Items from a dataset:
§

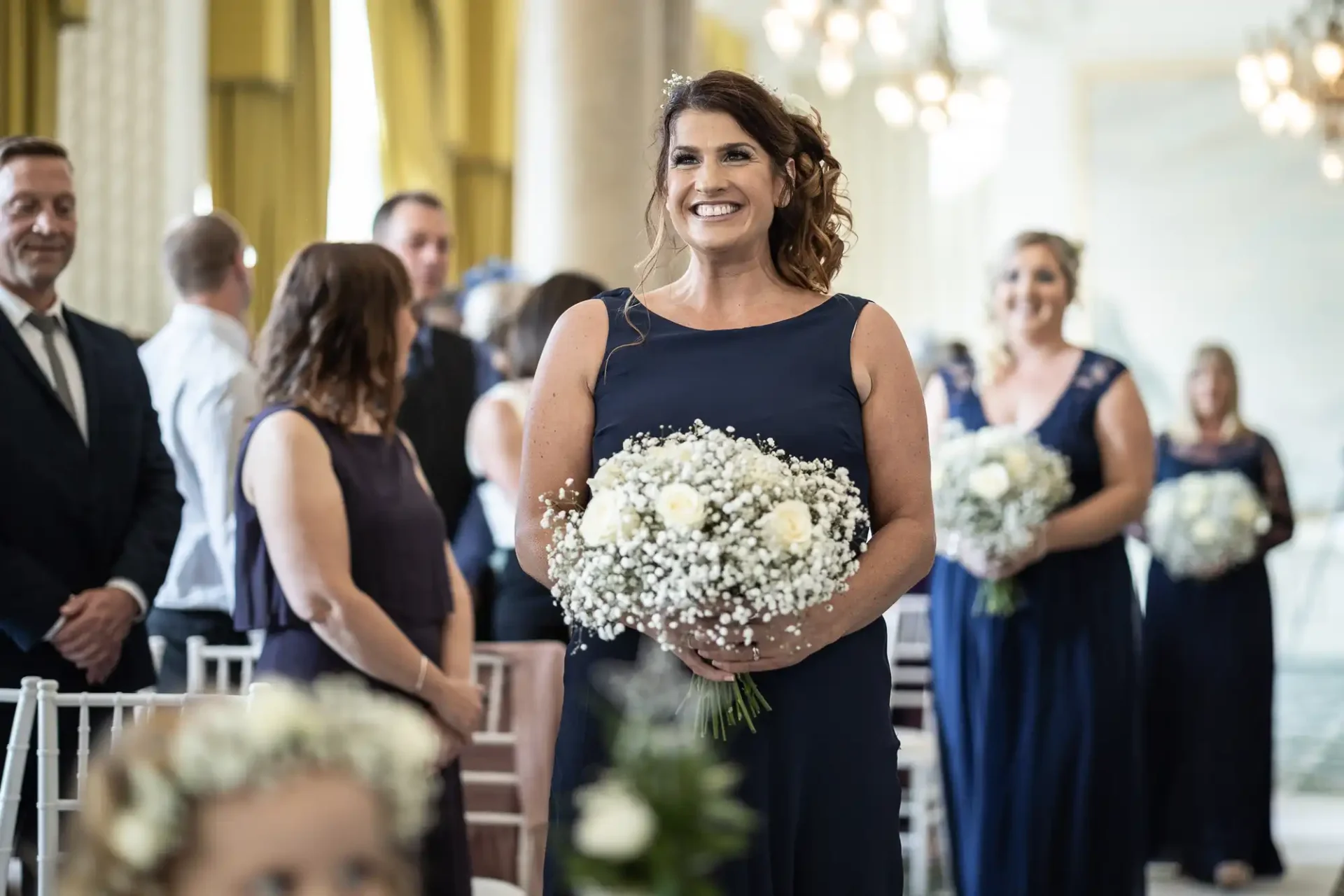 A woman in a blue dress smiling while holding a bouquet of white flowers at a wedding ceremony, with guests in the background.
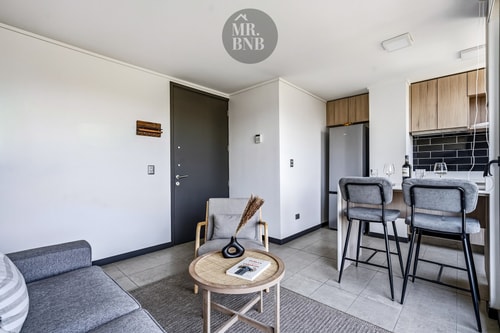 Living comedor con sillón, mesa de centro y barra de cocina al fondo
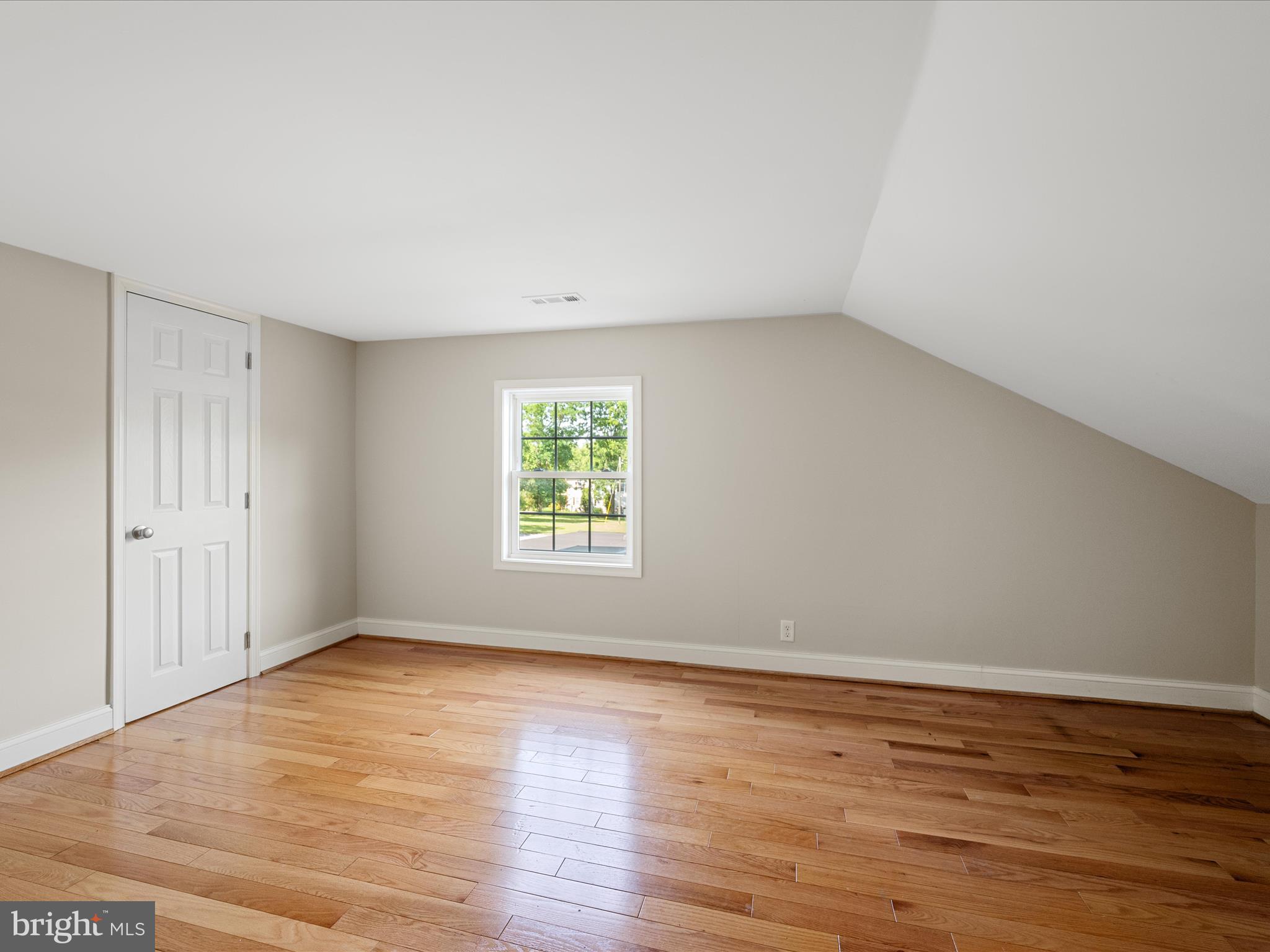 87 Old Waterloo Road Boyce, VA 22620 - Photo 46 of 76 a view of an empty room with wooden floor and a window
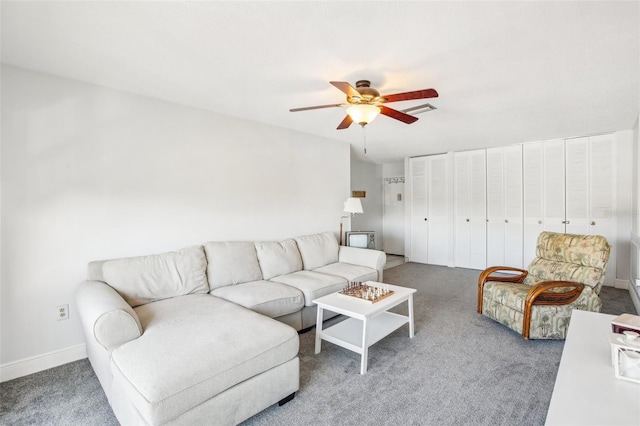 carpeted living room featuring ceiling fan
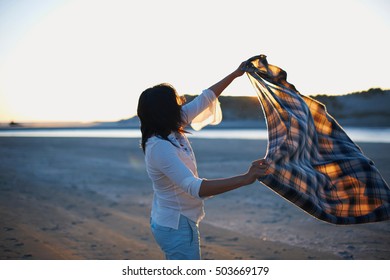 Woman Shaking Blanket On Beach At Sunset, Cannon Beach, California, USA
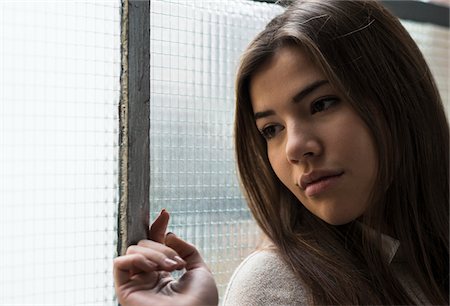 Close-up portrait of young woman standing in front of window, day dreaming and looking into the distance, Germany Photographie de stock - Premium Libres de Droits, Code: 600-07278935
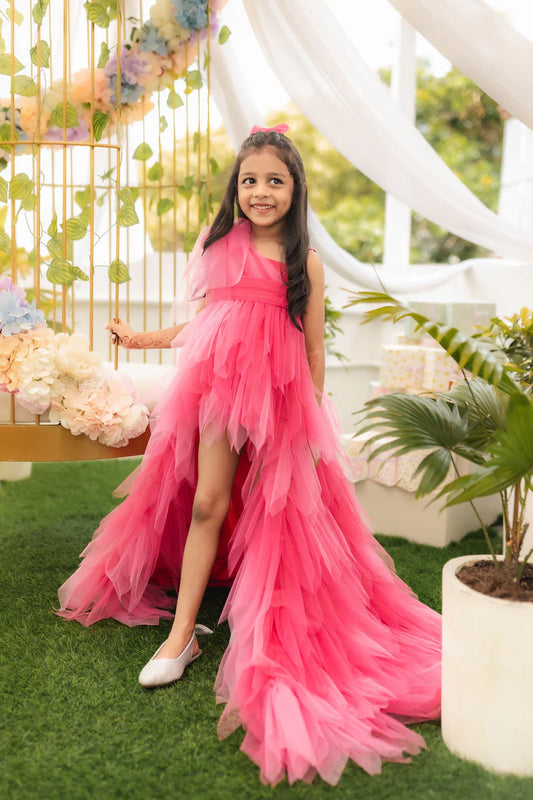  It is a pink coloured designer up-and-down birthday girl gown that comes with a frill and big bow detailing on the shoulder.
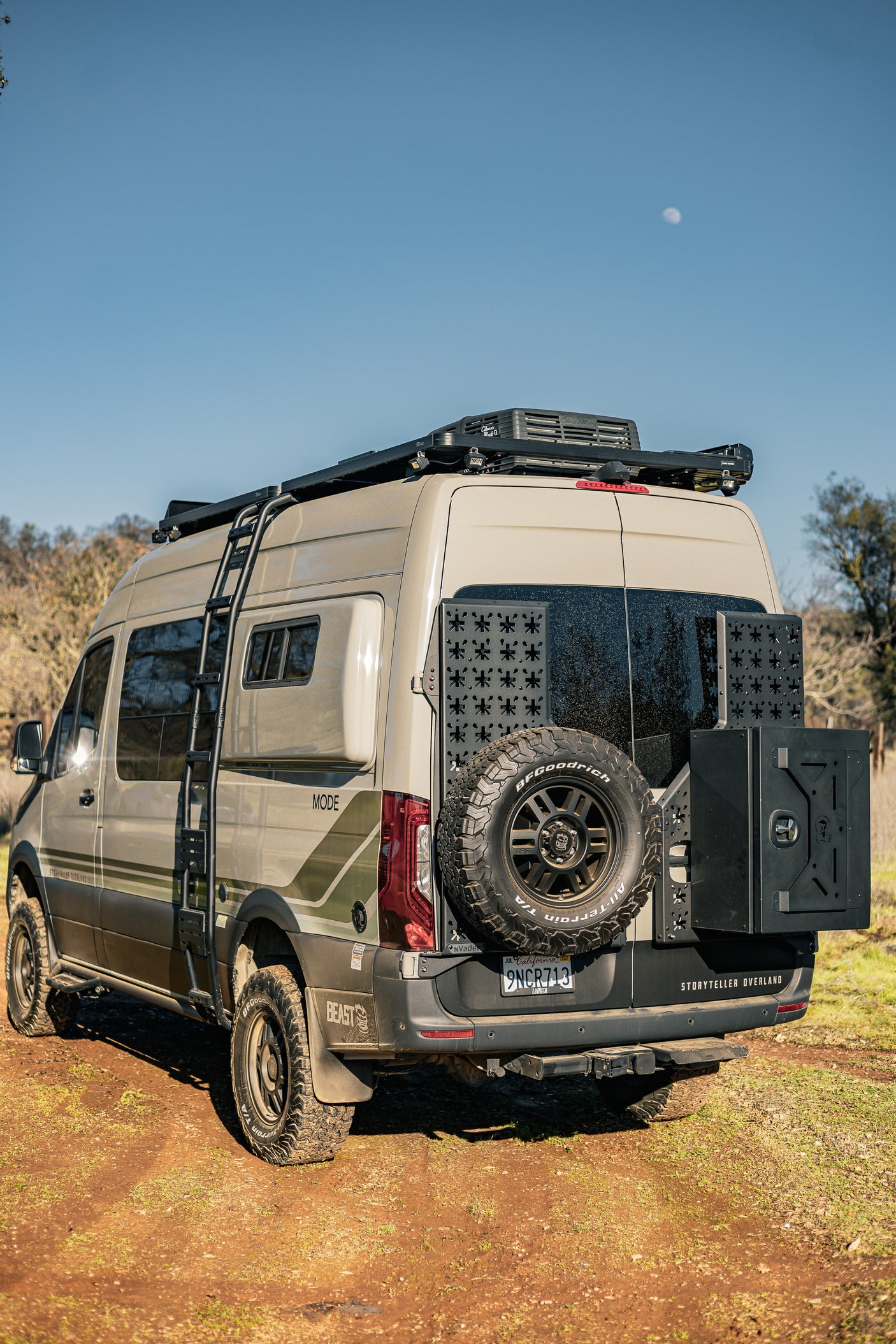 Tan Storyteller Overland adventure van, an ideal rv rental, equipped for off-grid travel, on a dirt path.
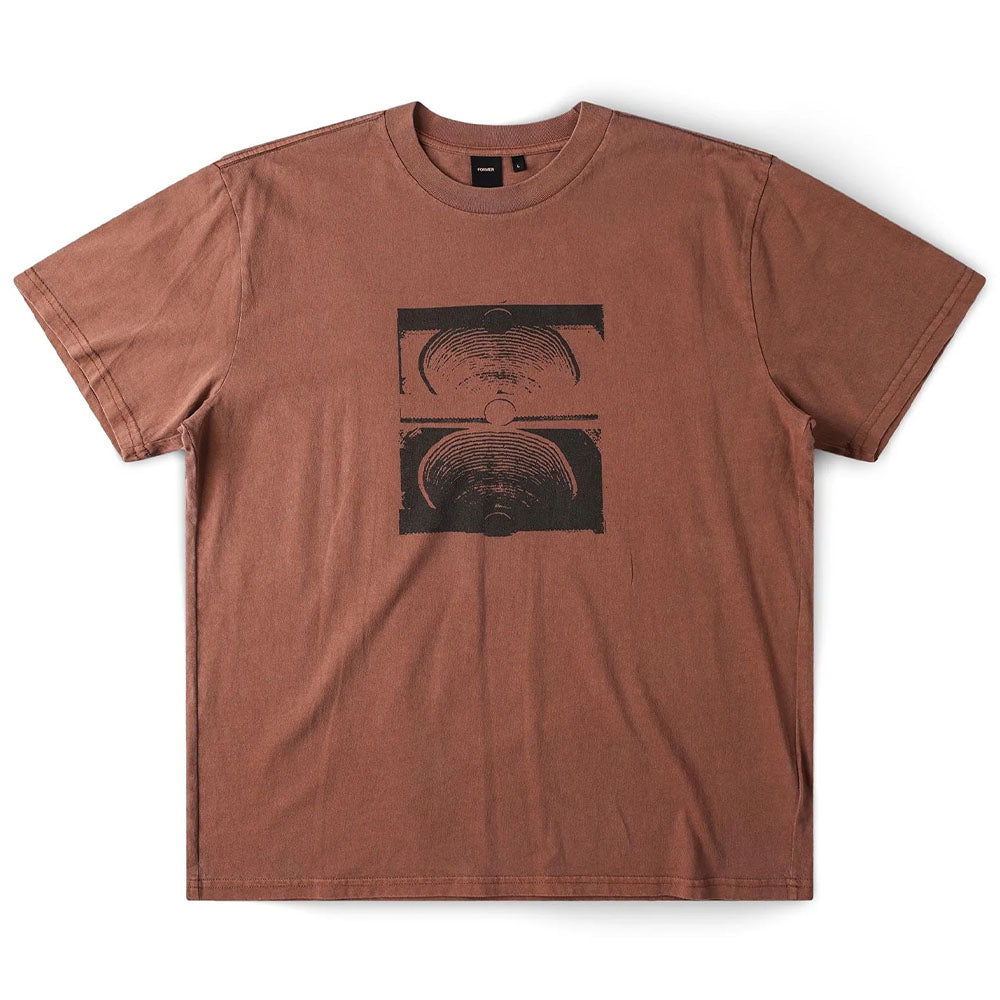 Crux Overdye Former Tee in Washed Bark—a brown short-sleeve t-shirt made from premium jersey cotton, showcasing a black abstract graphic with two vertically stacked semicircular, wave-like designs screen printed on the chest. The shirt is displayed flat against a white background.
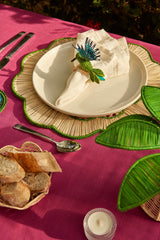 Table setting with a white plate, bread basket, and decorative napkin on a pink tablecloth.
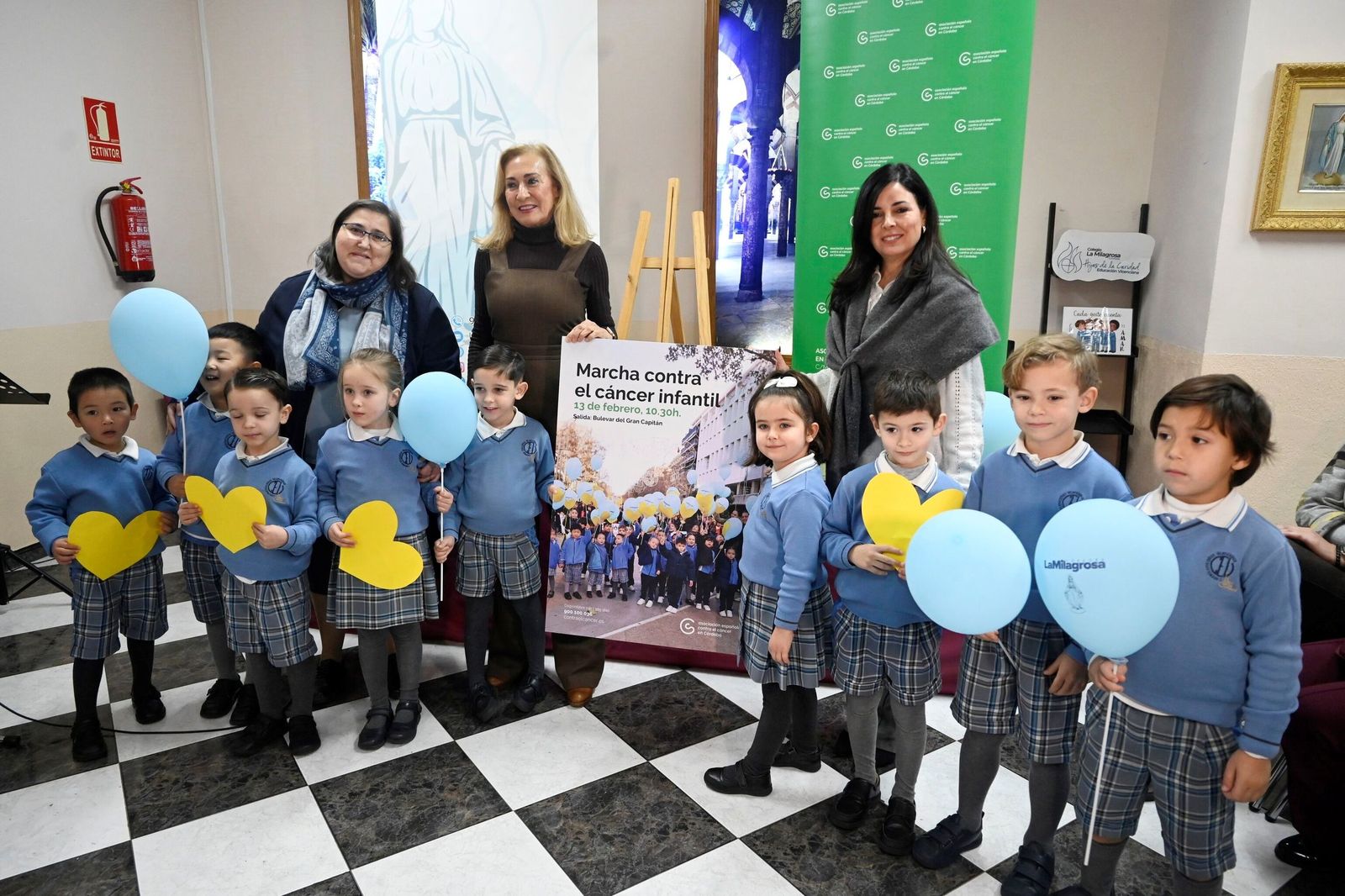 Presentación del cartel de la Marcha contra el cáncer infantil en el colegio La Milagrosa.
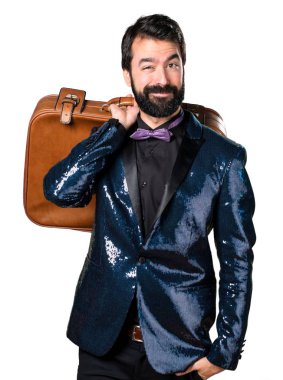 Yakışıklı bir vintage çanta tutan payet ceket ile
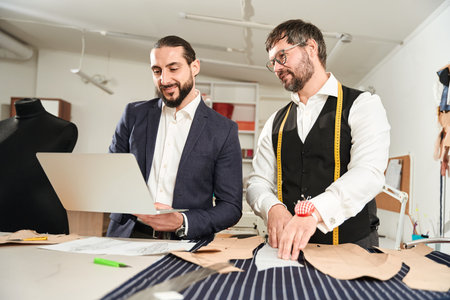 Joyous couturiers working on new menswear collection
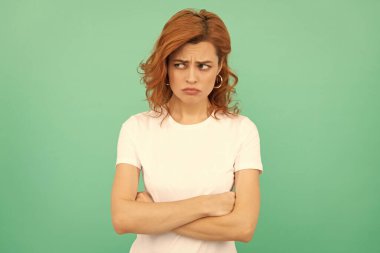 Mavi arka planda kızıl saçlı kadının portresi. Olumsuz duygularını ifade et. Kıvırcık saçlı üzgün kadın. Güzellik ve moda. Kadın manken. Genç mutsuz bir kızın güzel görünüşü..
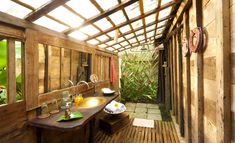 an outdoor bathroom with wooden walls and flooring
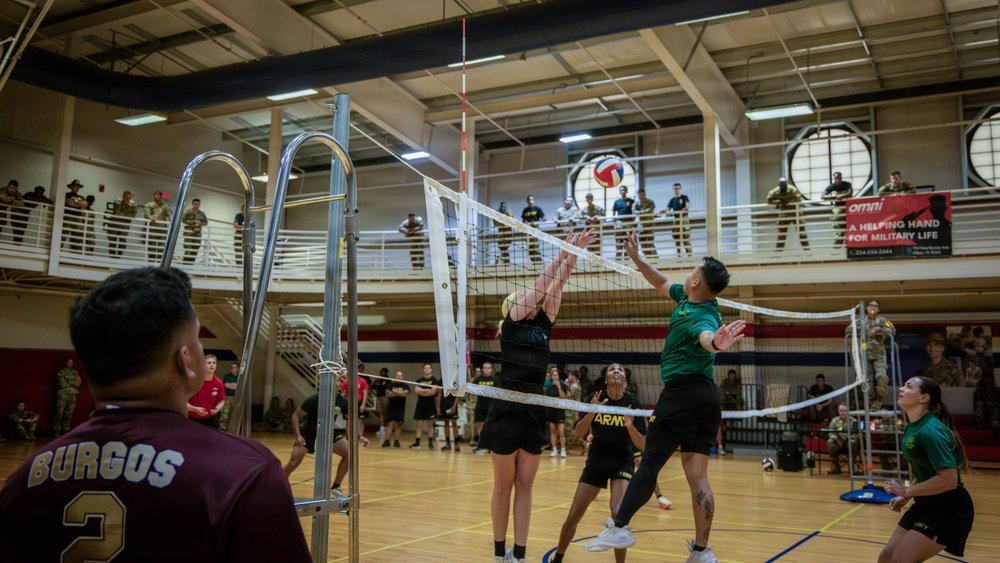 A military volleyball tournament is taking place inside a gymnasium, with players in Army PT uniforms and civilian athletic wear competing across multiple courts. Spectators in military uniforms observe from an upper-level balcony and ground level. A banner reading 'OMNI - A Helping Hand for Military Life' is visible in the background.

§

Produce a verbatim copy of every entry, excluding pictures.

**Output below:**
 A woman in a blue dress smiling while holding a bouquet of white flowers at a wedding ceremony, with guests in the background.
 Living comedor con sillón, mesa de centro y barra de cocina al fondo
 87 Old Waterloo Road Boyce, VA 22620 - Photo 46 of 76 a view of an empty room with wooden floor and a window
 carpeted living room featuring ceiling fan
 Woman Shaking Blanket On Beach At Sunset, Cannon Beach, California, USA
 Close-up portrait of young woman standing in front of window, day dreaming and looking into the distance, Germany Photographie de stock - Premium Libres de Droits, Code: 600-07278935
  It is a pink coloured designer up-and-down birthday girl gown that comes with a frill and big bow detailing on the shoulder.
 Tan Storyteller Overland adventure van, an ideal rv rental, equipped for off-grid travel, on a dirt path.
 Crux Overdye Former Tee in Washed Bark—a brown short-sleeve t-shirt made from premium jersey cotton, showcasing a black abstract graphic with two vertically stacked semicircular, wave-like designs screen printed on the chest. The shirt is displayed flat against a white background.
 Table setting with a white plate, bread basket, and decorative napkin on a pink tablecloth.
 Presentación del cartel de la Marcha contra el cáncer infantil en el colegio La Milagrosa.
 Yakışıklı bir vintage çanta tutan payet ceket ile
 Joyous couturiers working on new menswear collection
 Mavi arka planda kızıl saçlı kadının portresi. Olumsuz duygularını ifade et. Kıvırcık saçlı üzgün kadın. Güzellik ve moda. Kadın manken. Genç mutsuz bir kızın güzel görünüşü..
 an outdoor bathroom with wooden walls and flooring
 A military volleyball tournament is taking place inside a gymnasium, with players in Army PT uniforms and civilian athletic wear competing across multiple courts. Spectators in military uniforms observe from an upper-level balcony and ground level. A banner reading 'OMNI - A Helping Hand for Military Life' is visible in the background.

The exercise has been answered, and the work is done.